Das Landgericht Mannheim war der Ansicht, dass der Anschlussinhaber nur beschränkt seinen Prüfungspflichten nachkommen muss. Im konkreten Fall waren die im Haushalt lebenden Personen alle erwachsen, so dass die Prüfungspflicht des Anschlussinhaber entfallen ist, siehe LG Mannheim, Urteil vom 04.08.2006, Az. 7 O 76/06 und LG Mannheim, Urteil vom 30.01.2007, Az. 2 O 71/06

Das Oberlandesgericht Frankfurt geht zwar davon aus, dass der Anschlussinhaber den Zugang zu seinem Internetanschluss überwachen muss, hat jedoch die Überwachungspflicht ebenfalls eingeschränkt, siehe OLG Frankfurt, Urteil vom 20.12.2007, Az. 11 W 58/07. Der Anschlussinhaber müsse Anhaltspunkte für eine Rechtsverletzung kennen, um eine entsprechende Überwachung zu erwarten. Hat er die in seinem Haushalt lebenden Personen über die Rechtswidrigkeit von Filesharing aufgeklärt, könne anschließend nicht mehr von ihm erwartet werden. Letztendlich hat das OLG Frankfurt dem Rechtsinhaber die Beweispflicht aufgebürdet, nachzuweisen, warum gerade der Anschlussinhaber für die Rechtsverletzung haften soll. 

In der Praxis

Für den Verbraucher bleibt die Rechtslage undurchsichtig:

Es wird im jeden Einzelfall zu prüfen sein, ob der Anschlussinhaber Prüfungspflichten unterliegt und auch tatsächlich hinreichende Vorkehrungen gegen einen Missbrauch seines Anschlusses getroffen hat. Bei einem anderen Sachverhalt kann das jeweilige Gericht auch anders entscheiden, wenn es nicht sowieso von einer Störerhaftung des Anschlussinhabers, unabhängig von etwaigen Prüfungspflichten, ausgeht.

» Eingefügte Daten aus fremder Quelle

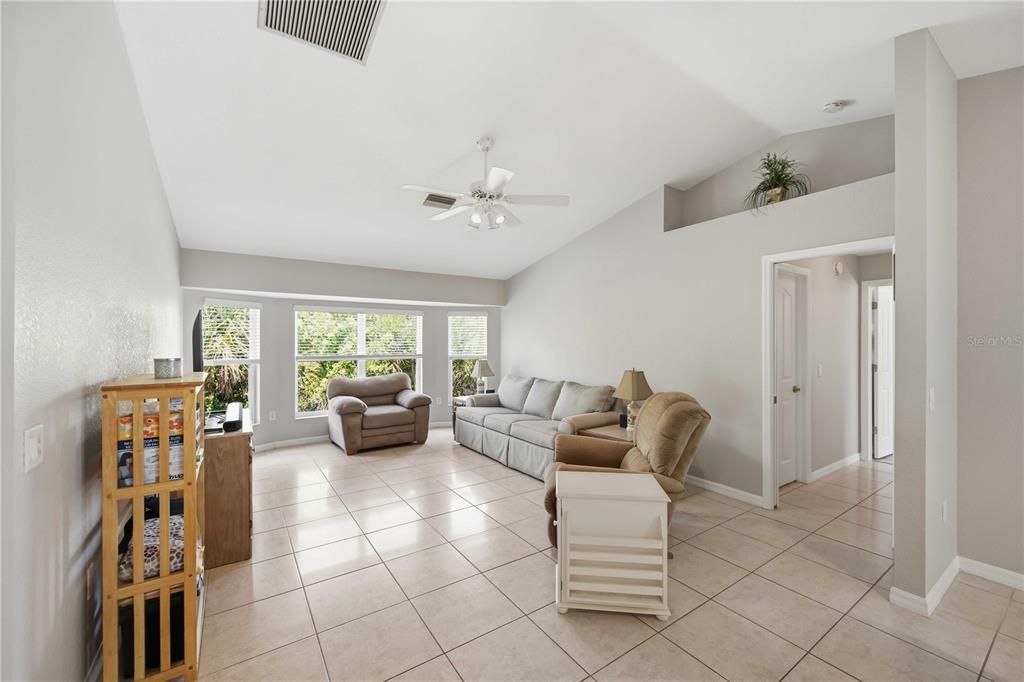 En Venta: $575,000 (3 camas, 2 baños, 2166 Pies cuadrados)
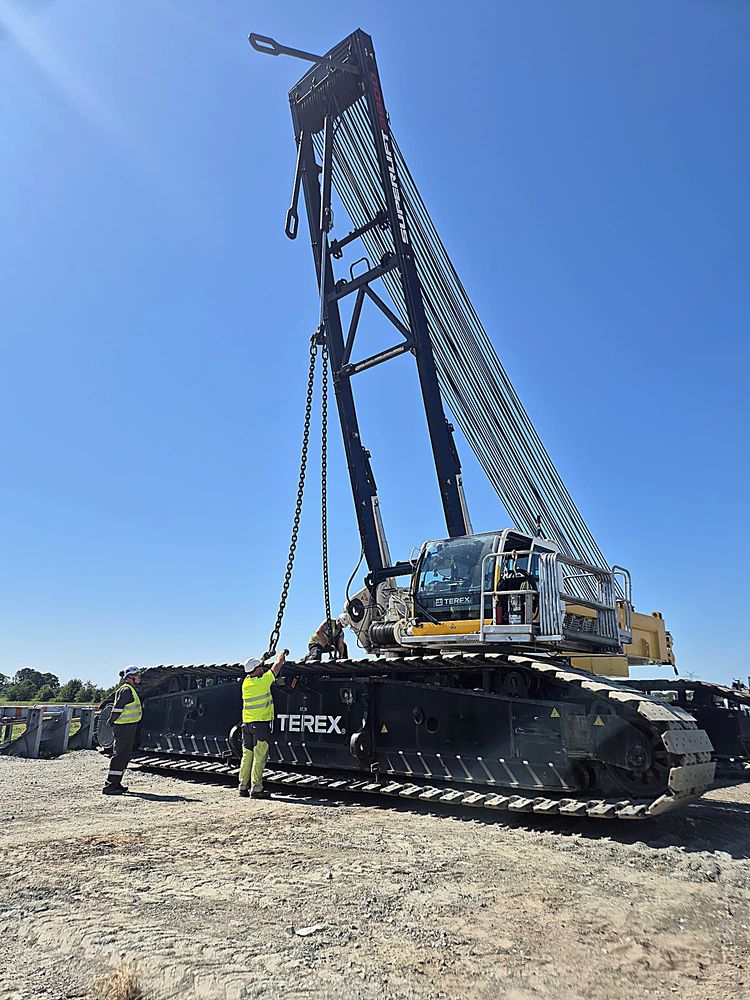Aertssen SL3800-rupskraan wordt opgebouwd op locatie bij Windpark Rastede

Ob der abgemahnte Anschlussinhaber sich daher auf ein streitiges gerichtliches Verfahren einlassen soll, muss daher anhand seines konkreten Falles entschieden werden. Denn ein solches Verfahren kann teuer werden. Die Streitwerte reichen bis zu Euro 10.0000,00 pro Song, siehe LG Köln, Urteil vom 18.07.2007, Az. 28 O 480/06. Andere Gerichte staffeln je nach Anzahl der Rechtsverletzungen, wohl auch das Landgericht Hamburg. 

Richtungswechsel?

Für die Personen, die gegebenenfalls in Hamburg verklagt werden, bleibt allerdings ein kleiner Hoffnungsschimmer: In einem aktuellen Filesharing-Fall hat das Landgericht Hamburg eine Klage der Rechtsinhaber abgewiesen, da diese nicht hinreichend die Urheberrechtsverletzung dargelegt und nachgewiesen hatten, LG Hamburg, Urteil vom 14.03.2008, Az. 308 O 76/07. Die Rechtsinhaber hatten lediglich die Auszüge aus einer Ermittlungsfirma vorgelegt, wonach eine bestimmte IP-Adresse dem Beklagten für einen bestimmten Zeitraum zuzuordnen war. Die Rechtsverletzung war damit noch nicht nachgewiesen.